C’est alors que, de manière innovante, la haute juridiction administrative vient indiquer que le juge peut également être saisi de conclusions subsidiaires d’abrogation de l’acte à raison d’un changement de circonstances de droit ou de fait postérieur à son édiction, et cela afin “que puissent toujours être sanctionnées les atteintes illégales qu’un acte réglementaire est susceptible de porter à l’ordre juridique”. Dans ce cadre, il statue à la date de sa décision, et non à la date d’édiction de l’acte.

Comme mis en avant par certains auteurs (V. en particulier http://libertescheries.blogspot.com/2021/11/larret-association-elena-le-retour-des.html), mais aussi par le rapporteur public, cette nouvelle solution n’est que la continuité d’un mouvement global des règles du contentieux de l’excès de pouvoir. C’est d’abord dans les années 30 avec l’arrêt Despujol (CE, Sect., 10 janv. 1930, nos 97263 et 05822) que le Conseil d’Etat commence à apporter des limites implicites à la règle selon laquelle la légalité de l’acte s’apprécie à la date d’édiction. Il établit alors la possibilité bien connue des administrativistes de permettre au juge de connaître la légalité de l’acte, lorsqu’il a été demandé à l’Administration, en amont du litige, d’abroger l’acte en question et que celle-ci a émis un refus implicite ou explicite (ou si une loi postérieure vient créer une situation juridique nouvelle). C’est à l’occasion de ce type de contentieux que le juge administratif a expressément indiqué  qu’il lui fallait apprécier la légalité de l’acte, dont l’abrogation a été refusée, à la date de sa décision (CE, Ass., 19 juil. 2019, Association des Américains accidentels, n°424216). L’arrêt Association ELENA se détache du contentieux du refus d’abroger à proprement parler pour modifier la date à laquelle il statue dans le cadre du recours pour excès de pouvoir de manière générale (mais uniquement bien sûr s’il est saisi de conclusions tendant à l’abrogation de l’acte litigieux).

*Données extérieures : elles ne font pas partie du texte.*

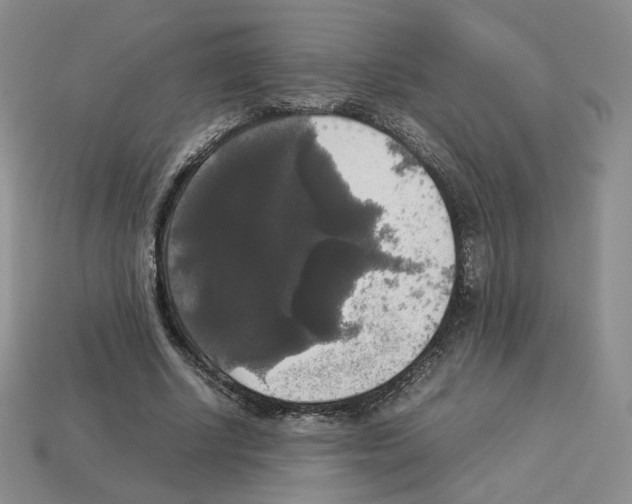 X0000112830634200910021223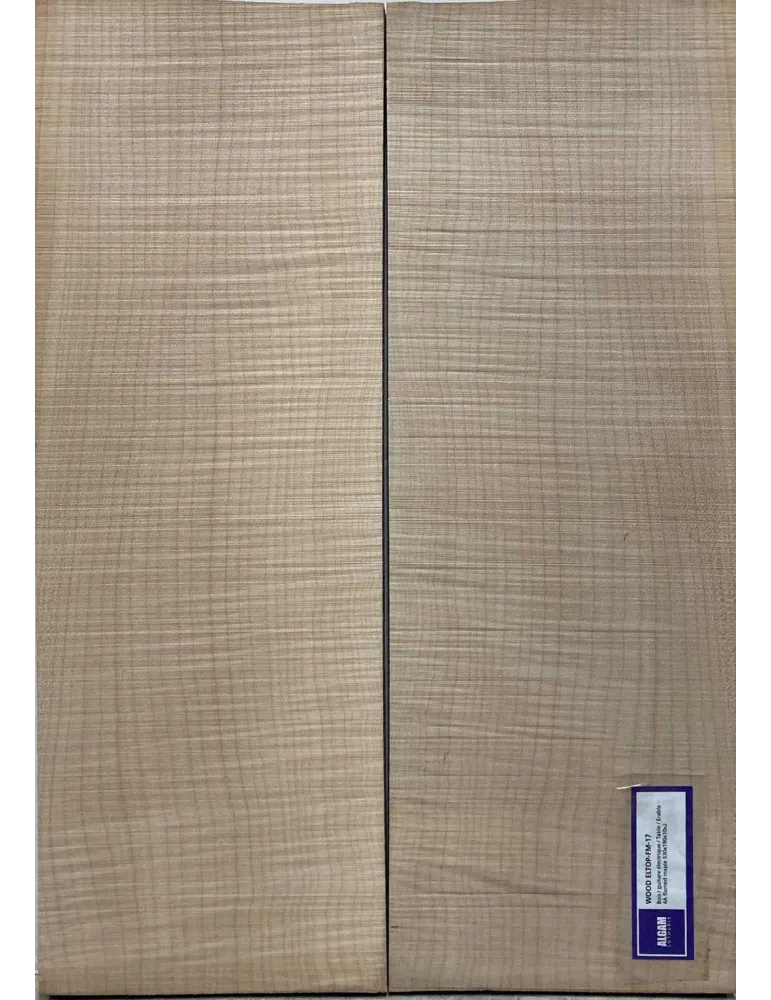 LUTHERIE ELTOP-FM-17 | MusicGoodDeal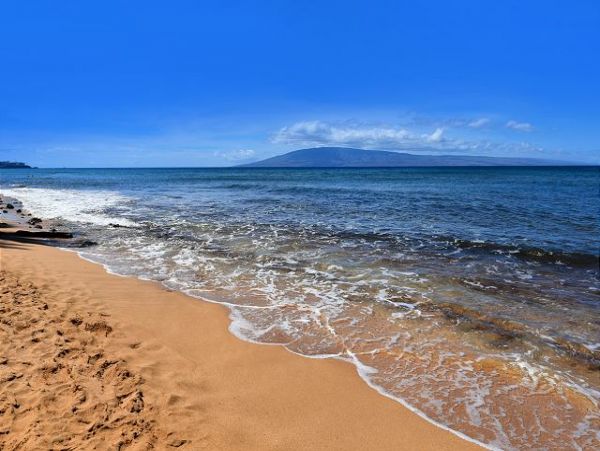 Kaanapali Condo 967585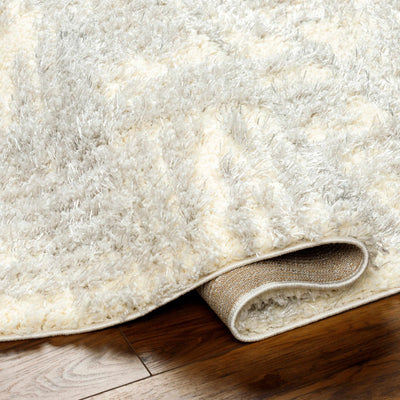 Iduia Gray Plush Area Rug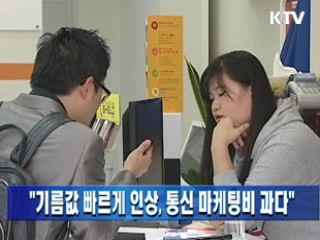 "기름값 빠르게 인상, 통신 마케팅비 과다"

L’arrêt s’insère dans une ligne jurisprudentielle initiée depuis quelques temps et qui semble avoir le vent en poupe ces derniers temps. Cette ligne s’attacherait à donner le plus d’”effet utile” aux décisions rendues par le juge, utilité qui ne tiendrait pas tant à l’intérêt des requérants ou de l’Administration, mais bien à celui de la légalité en elle-même. Ce serait pour assurer un maximum d’efficacité à la protection de la légalité qu’il vient ici ouvrir davantage le panel des conclusions pouvant être formulées par les requérants et modifier la temporalité analytique de la légalité de l’acte. Toutefois, cet attachement à l’utilité pour la légalité peut apparaître paradoxal au regard des évolutions également récentes relatives aux moyens pouvant être invoqués par les requérants, qui tendent à l’inverse à se réduire, préjudiciable pour la légalité (ce qui est bien connu depuis l’arrêt Danthony du Conseil d’Etat du 23 déc. 2011, n°335033; v. également CE, Sect., 18 mai 2018, Fédération des finances et affaires économiques de la CFDT, n°414583). Il semble que le juge administratif doit opérer un subtil équilibre entre d’une part la protection de la légalité administrative, et d’autre part les enjeux tenant aux effets de l’acte et de sa décision, en particulier la sécurité juridique, ou encore, en matière de contrat administratif, la loyauté et la stabilité des relations contractuelles (v. sur ce point Joachim Lebied, La loyauté des relations contractuelles, Thèse, Université de Tours, 2020).